- EXCERPTED DATA
╭──

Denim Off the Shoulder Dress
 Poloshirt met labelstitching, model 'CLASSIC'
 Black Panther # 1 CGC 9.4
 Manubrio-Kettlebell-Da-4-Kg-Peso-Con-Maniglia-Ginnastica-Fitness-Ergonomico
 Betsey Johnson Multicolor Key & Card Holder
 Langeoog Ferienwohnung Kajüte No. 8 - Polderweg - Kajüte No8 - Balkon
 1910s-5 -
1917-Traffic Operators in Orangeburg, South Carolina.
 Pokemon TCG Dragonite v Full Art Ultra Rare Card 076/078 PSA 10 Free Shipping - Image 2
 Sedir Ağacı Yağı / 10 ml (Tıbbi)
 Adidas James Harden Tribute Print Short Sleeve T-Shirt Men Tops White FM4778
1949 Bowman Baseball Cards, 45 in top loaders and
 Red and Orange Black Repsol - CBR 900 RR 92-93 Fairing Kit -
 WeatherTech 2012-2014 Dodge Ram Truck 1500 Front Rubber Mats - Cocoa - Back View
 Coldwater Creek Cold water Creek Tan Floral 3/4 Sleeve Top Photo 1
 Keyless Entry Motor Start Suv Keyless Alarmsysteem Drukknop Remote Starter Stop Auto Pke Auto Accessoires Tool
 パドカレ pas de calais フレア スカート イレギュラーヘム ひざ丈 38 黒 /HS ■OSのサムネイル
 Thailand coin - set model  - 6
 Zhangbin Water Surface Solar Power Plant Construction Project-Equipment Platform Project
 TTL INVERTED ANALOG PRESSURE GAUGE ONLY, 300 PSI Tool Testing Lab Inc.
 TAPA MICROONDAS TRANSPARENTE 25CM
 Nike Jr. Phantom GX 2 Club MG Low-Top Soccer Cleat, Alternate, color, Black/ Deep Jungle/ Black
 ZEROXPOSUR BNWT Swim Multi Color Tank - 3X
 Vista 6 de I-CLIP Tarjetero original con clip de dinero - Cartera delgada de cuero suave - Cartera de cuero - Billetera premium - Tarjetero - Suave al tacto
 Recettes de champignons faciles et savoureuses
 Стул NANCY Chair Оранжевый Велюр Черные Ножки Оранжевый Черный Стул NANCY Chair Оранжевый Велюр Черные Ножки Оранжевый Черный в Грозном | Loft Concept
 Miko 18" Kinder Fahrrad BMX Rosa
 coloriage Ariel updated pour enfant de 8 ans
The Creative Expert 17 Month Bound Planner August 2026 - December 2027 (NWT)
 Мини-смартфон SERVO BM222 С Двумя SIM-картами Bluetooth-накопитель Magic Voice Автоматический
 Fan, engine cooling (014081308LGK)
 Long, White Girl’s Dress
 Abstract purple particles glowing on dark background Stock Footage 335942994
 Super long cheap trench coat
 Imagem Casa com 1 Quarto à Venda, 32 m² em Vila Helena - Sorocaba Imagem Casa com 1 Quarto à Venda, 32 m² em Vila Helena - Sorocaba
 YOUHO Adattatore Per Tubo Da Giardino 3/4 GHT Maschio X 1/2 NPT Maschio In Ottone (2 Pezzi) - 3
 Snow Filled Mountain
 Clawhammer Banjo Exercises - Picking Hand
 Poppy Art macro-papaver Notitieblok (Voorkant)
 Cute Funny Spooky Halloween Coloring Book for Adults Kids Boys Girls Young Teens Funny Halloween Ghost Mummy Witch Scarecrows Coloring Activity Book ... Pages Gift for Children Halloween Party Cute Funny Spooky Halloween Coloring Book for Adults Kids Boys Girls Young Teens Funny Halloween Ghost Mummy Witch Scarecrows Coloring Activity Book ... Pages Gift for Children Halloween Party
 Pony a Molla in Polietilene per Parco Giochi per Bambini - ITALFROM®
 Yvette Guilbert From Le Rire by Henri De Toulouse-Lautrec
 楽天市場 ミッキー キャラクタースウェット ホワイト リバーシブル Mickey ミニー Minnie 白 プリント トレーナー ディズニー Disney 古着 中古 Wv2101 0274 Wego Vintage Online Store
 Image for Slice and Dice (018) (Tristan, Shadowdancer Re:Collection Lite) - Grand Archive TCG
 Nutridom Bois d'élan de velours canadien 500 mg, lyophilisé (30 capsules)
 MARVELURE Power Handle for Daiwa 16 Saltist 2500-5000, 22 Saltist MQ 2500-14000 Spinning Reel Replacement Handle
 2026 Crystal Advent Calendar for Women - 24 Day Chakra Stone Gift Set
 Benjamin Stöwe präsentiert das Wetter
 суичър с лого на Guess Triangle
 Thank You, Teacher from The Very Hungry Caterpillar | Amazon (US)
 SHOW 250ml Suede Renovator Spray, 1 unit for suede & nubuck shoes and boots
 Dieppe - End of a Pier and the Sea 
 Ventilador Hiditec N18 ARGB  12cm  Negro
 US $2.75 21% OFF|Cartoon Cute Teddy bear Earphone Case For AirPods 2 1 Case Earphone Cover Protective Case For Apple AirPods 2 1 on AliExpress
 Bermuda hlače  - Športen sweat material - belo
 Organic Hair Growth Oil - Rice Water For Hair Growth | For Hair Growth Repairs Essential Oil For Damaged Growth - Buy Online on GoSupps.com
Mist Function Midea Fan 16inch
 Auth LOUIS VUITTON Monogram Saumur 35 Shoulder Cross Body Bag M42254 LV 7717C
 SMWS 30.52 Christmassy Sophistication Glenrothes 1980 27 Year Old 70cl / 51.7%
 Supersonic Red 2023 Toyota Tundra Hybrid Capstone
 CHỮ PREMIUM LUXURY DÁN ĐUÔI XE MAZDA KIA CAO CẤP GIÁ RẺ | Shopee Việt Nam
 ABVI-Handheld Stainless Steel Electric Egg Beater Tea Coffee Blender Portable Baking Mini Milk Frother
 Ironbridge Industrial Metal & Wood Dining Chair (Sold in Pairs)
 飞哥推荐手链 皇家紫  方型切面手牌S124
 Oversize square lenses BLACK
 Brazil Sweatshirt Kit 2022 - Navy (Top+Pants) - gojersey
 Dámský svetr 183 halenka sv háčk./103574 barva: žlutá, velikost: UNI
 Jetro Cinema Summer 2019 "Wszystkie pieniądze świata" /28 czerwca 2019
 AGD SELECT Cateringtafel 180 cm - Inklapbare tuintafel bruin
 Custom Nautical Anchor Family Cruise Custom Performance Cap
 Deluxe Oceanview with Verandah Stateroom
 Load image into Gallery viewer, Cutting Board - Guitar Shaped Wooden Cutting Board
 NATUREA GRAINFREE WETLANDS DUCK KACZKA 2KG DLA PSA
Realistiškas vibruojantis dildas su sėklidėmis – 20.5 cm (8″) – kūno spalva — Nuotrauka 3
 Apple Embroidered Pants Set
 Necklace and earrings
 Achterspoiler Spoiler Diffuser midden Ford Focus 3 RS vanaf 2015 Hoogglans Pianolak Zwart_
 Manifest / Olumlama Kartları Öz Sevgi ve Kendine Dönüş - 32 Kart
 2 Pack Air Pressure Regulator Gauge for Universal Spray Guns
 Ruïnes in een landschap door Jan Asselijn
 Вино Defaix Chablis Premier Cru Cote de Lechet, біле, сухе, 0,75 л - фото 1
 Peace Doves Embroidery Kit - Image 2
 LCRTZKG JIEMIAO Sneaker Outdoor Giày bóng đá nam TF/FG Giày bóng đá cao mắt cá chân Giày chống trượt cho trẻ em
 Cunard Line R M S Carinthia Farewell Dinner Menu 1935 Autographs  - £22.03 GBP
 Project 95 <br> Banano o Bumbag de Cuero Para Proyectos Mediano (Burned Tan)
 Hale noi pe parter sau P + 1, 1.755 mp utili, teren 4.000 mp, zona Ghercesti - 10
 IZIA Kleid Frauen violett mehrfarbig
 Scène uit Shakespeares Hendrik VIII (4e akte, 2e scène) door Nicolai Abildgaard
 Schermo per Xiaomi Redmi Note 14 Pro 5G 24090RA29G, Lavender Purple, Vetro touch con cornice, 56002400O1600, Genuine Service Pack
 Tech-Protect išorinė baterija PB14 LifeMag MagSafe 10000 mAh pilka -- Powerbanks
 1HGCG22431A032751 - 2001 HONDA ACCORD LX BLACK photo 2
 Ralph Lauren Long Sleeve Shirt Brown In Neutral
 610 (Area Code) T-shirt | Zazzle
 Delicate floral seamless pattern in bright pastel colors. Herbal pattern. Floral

╰──

Within the material above, show every line that includes "Sleeve".

- REPLY
 Adidas James Harden Tribute Print Short Sleeve T-Shirt Men Tops White FM4778
 Coldwater Creek Cold water Creek Tan Floral 3/4 Sleeve Top Photo 1
 Ralph Lauren Long Sleeve Shirt Brown In Neutral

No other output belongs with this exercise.